The Equation 6.4a and 6.4b using mechanics of materials principles.

Answer to Problem 1QAP

The Equation 6.4a and 6.4b using mechanics of materials principles is shown in conclusion.

Explanation of Solution

Write the expression for engineering stress.

$\sigma =\frac{P}{A}$ (I)

Here, the tensile force is P and cross-sectional area is A.

Write the expression for shear stress.

$\tau =\frac{V}{A}$ (II)

Here, the normal force is P and shear forces is V.

Conclusion:

Show the diagram of a block element of material of cross-sectional area A that is subjected to a tensile force P, the orientations of the applied stress, the normal stress to this plane, as well as the shear stress taken parallel to this inclined plane.

For static equilibrium in the x-direction.

${\displaystyle \sum F_{x^{\prime }}}=0$

Which means that

$\begin{array}{l}{P}^{\prime }-P\cos \theta =0\\ P^{\prime }=P\cos \theta \end{array}$

Write the expression for the stress ${\sigma }^{\prime }$ in terms of $P^{\prime }$ and $A^{\prime }$ using the above expression and the relationship between $A$ and $A^{\prime }$.

$\begin{array}{c}{\sigma }^{\prime }=\frac{P^{\prime }}{A^{\prime }}\\ =\frac{P\cos \theta }{\frac{A}{\cos \theta }}\\ =\frac{P}{A}{\cos }^2\theta \\ =\sigma {\cos }^2\theta \end{array}$

Write the expression for ${\tau }^{\prime }$.

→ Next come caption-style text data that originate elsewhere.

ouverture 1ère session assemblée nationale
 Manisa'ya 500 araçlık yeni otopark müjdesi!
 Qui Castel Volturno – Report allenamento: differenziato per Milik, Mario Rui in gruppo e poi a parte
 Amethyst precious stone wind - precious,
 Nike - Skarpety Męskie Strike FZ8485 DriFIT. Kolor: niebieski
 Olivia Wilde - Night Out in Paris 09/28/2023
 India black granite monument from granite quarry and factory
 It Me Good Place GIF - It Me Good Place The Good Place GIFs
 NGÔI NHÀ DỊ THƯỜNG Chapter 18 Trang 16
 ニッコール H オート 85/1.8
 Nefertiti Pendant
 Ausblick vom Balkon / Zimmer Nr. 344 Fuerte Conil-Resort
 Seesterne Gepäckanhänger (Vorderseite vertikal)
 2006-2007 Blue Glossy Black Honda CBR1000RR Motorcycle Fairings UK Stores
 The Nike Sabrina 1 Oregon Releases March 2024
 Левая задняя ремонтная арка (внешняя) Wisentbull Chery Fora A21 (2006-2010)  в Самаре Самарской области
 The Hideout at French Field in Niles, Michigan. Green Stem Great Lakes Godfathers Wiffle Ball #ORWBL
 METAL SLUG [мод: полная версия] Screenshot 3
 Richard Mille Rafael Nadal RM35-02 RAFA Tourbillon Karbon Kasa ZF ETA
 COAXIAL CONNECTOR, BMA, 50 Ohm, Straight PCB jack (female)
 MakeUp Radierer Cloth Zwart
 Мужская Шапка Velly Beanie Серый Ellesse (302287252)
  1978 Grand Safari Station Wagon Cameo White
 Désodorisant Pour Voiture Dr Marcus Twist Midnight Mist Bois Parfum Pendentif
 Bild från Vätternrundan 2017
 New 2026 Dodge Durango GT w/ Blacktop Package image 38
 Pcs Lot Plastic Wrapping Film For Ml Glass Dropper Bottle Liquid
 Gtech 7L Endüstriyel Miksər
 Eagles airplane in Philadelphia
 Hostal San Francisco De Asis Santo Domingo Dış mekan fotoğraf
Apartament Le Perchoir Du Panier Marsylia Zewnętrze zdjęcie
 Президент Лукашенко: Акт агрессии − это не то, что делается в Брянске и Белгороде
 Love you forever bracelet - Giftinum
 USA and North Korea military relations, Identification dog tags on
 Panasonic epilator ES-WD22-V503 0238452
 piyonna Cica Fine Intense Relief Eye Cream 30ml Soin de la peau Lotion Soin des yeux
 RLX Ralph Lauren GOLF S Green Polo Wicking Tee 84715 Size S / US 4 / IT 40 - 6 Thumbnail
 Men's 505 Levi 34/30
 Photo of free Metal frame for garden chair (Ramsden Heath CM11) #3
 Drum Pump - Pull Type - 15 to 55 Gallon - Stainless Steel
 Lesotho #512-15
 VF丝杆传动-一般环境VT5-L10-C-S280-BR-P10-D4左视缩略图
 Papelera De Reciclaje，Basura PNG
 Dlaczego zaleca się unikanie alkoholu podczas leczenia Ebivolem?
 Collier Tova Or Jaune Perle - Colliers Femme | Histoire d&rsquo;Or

$\begin{array}{c}{\tau }^{\prime }=\frac{V^{\prime }}{A^{\prime }}\\ =\frac{P\sin \theta }{\frac{A}{\cos \theta }}\\ =\frac{P}{A}\sin \theta \cos \theta \\ =\sigma \sin \theta \cos \theta \end{array}$

Thus, the ${\tau }^{\prime }$ value is $\underset{\_}{\sigma \sin \theta \cos \theta }$.